> Task directions: When you reach the line that holds "Assassin's Creed 3", start copying exactly and keep going through the final line of the data, leaving out pictures.
*** Data section
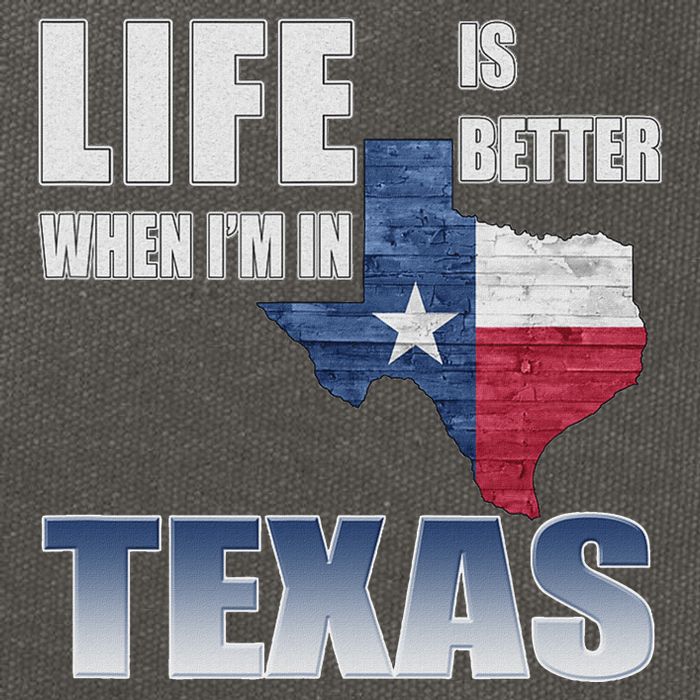 Life Is Better When IM In Texas Cotton Canvas Backpack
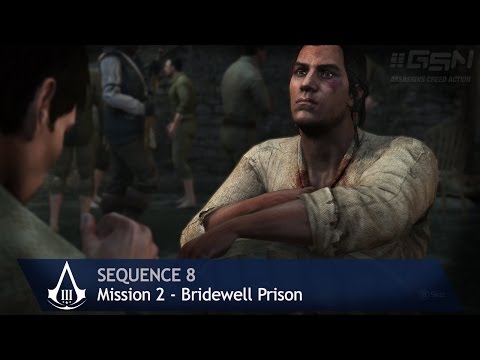 Assassin's Creed 3 - Sequence 8 - Mission 2 - Bridewell Prison (100% Sync)
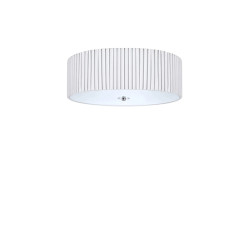 Plafon, Lampa sufitowa z abażurem, Plisa 107862 JACKIE  3L 45cm Biała Markslojd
******
> Completed task:
 Assassin's Creed 3 - Sequence 8 - Mission 2 - Bridewell Prison (100% Sync)
 Plafon, Lampa sufitowa z abażurem, Plisa 107862 JACKIE  3L 45cm Biała Markslojd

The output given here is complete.